EXERCISE DIRECTIONS:
For this task, output every entry below exactly and omit the pictures.

Brief descriptive captions
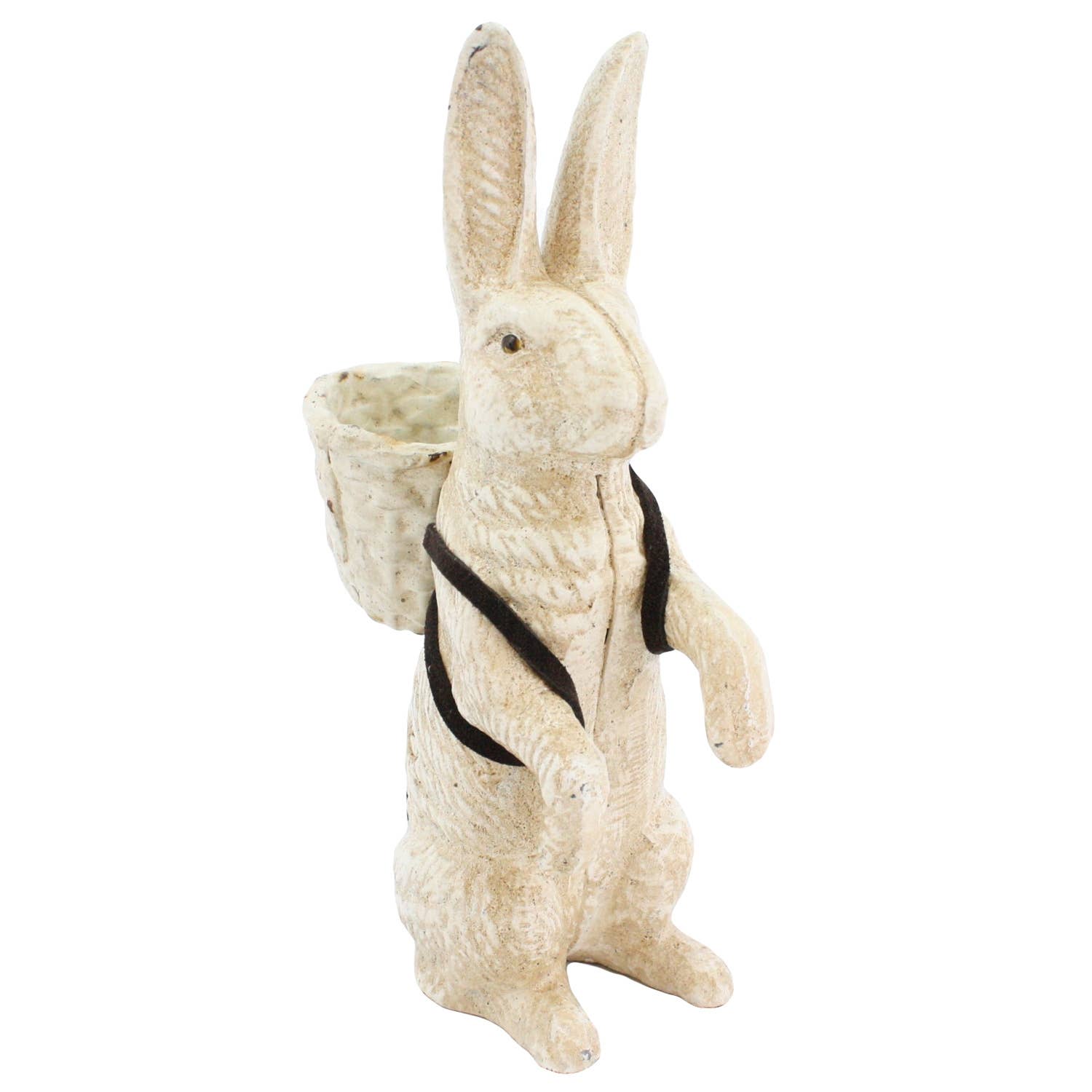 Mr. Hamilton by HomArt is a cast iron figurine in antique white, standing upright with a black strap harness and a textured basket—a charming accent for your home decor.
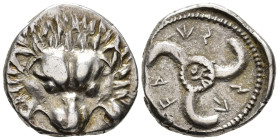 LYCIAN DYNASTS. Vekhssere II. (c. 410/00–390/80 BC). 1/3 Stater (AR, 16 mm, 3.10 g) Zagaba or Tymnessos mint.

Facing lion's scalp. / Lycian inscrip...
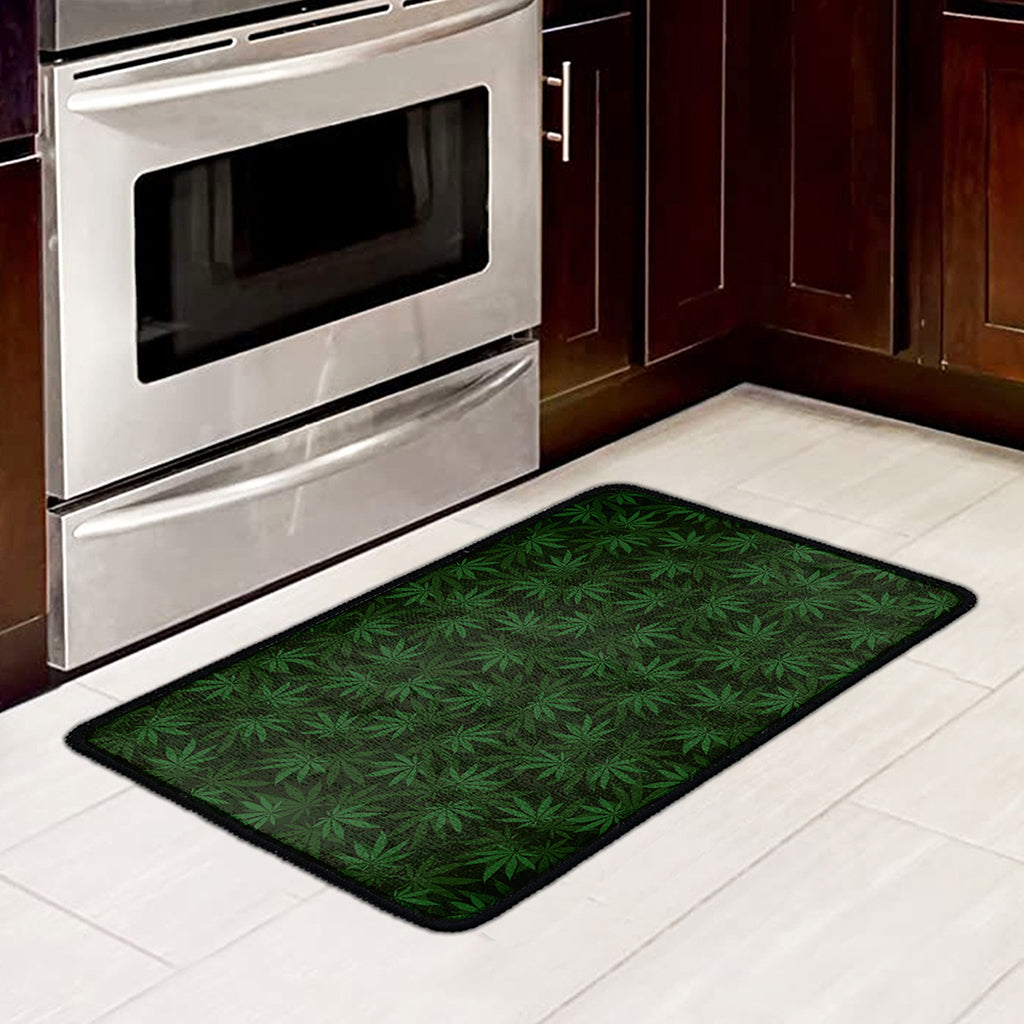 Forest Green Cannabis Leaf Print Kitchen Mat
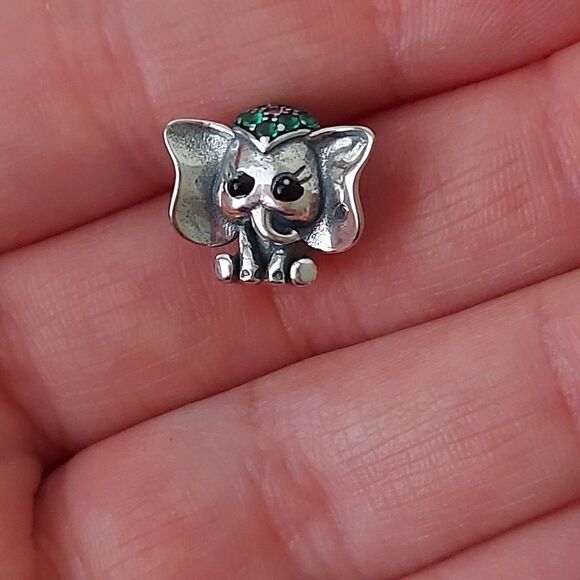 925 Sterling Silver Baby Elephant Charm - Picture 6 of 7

SOLUTION:
 Mr. Hamilton by HomArt is a cast iron figurine in antique white, standing upright with a black strap harness and a textured basket—a charming accent for your home decor.
 LYCIAN DYNASTS. Vekhssere II. (c. 410/00–390/80 BC). 1/3 Stater (AR, 16 mm, 3.10 g) Zagaba or Tymnessos mint.

Facing lion's scalp. / Lycian inscrip...
 Forest Green Cannabis Leaf Print Kitchen Mat
 925 Sterling Silver Baby Elephant Charm - Picture 6 of 7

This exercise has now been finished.